→ Instructions to follow: Should an entry contain an image, leave the image out and repeat the entry's text exactly.

→ Scraped caption text data:
[Start of section]
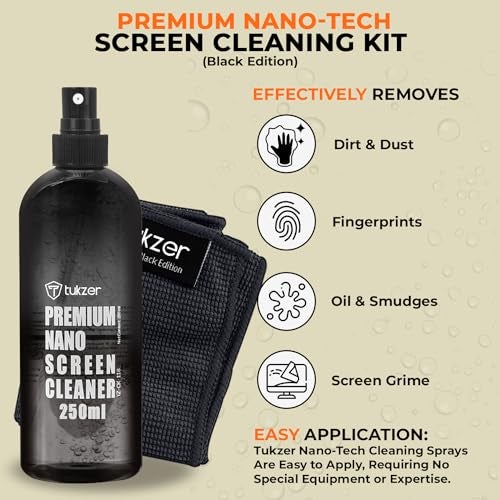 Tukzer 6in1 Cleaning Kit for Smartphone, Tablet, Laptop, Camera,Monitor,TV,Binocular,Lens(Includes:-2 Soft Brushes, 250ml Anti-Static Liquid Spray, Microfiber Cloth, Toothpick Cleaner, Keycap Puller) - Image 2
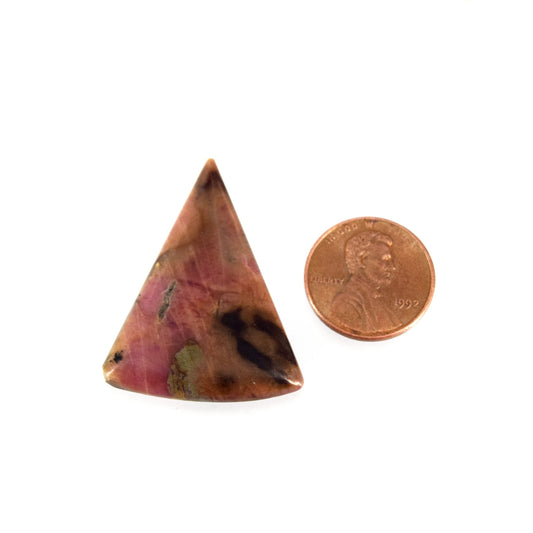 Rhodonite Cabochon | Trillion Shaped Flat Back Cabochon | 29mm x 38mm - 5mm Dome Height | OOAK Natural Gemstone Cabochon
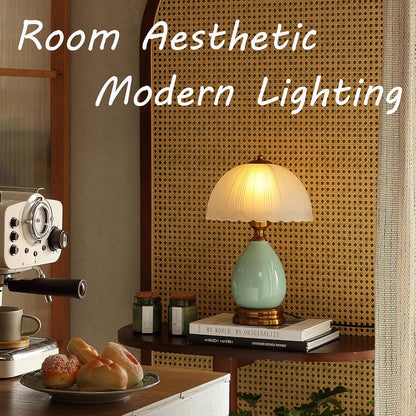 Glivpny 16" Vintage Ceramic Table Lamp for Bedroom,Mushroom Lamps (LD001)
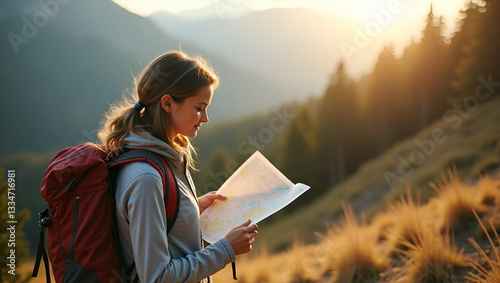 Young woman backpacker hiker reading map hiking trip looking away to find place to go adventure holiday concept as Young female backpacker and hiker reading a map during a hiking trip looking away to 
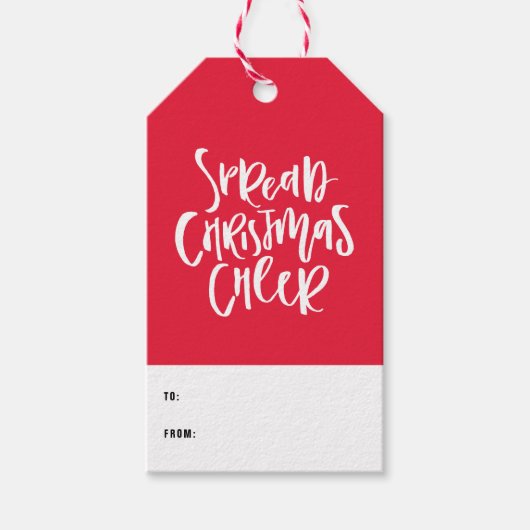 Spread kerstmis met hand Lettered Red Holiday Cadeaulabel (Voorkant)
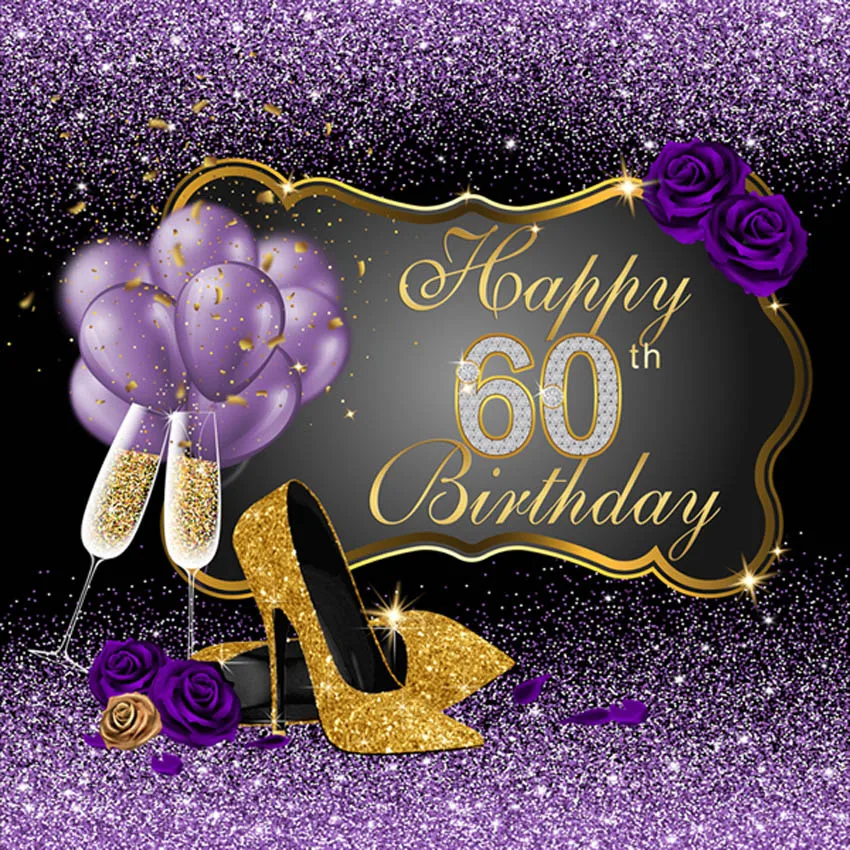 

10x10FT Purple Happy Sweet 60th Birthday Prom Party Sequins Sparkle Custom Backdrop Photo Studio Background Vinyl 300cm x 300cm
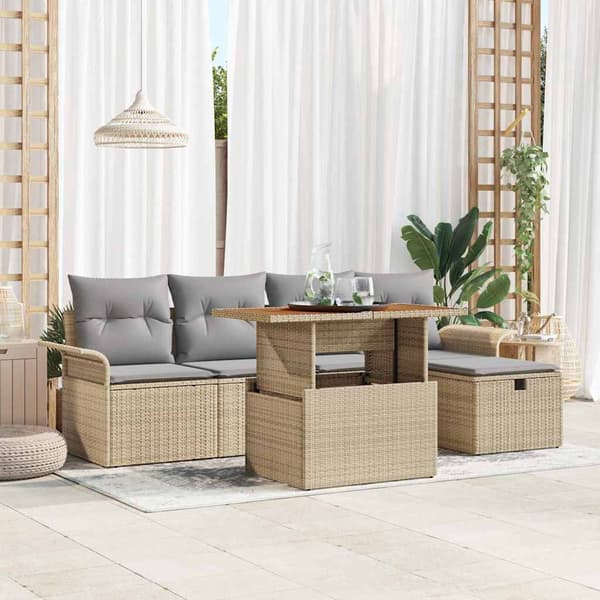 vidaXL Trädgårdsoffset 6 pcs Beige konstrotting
[End of section]
→ Response to this task:
 Tukzer 6in1 Cleaning Kit for Smartphone, Tablet, Laptop, Camera,Monitor,TV,Binocular,Lens(Includes:-2 Soft Brushes, 250ml Anti-Static Liquid Spray, Microfiber Cloth, Toothpick Cleaner, Keycap Puller) - Image 2
 Rhodonite Cabochon | Trillion Shaped Flat Back Cabochon | 29mm x 38mm - 5mm Dome Height | OOAK Natural Gemstone Cabochon
 Glivpny 16" Vintage Ceramic Table Lamp for Bedroom,Mushroom Lamps (LD001)
 Young woman backpacker hiker reading map hiking trip looking away to find place to go adventure holiday concept as Young female backpacker and hiker reading a map during a hiking trip looking away to 
 Spread kerstmis met hand Lettered Red Holiday Cadeaulabel (Voorkant)

10x10FT Purple Happy Sweet 60th Birthday Prom Party Sequins Sparkle Custom Backdrop Photo Studio Background Vinyl 300cm x 300cm
 vidaXL Trädgårdsoffset 6 pcs Beige konstrotting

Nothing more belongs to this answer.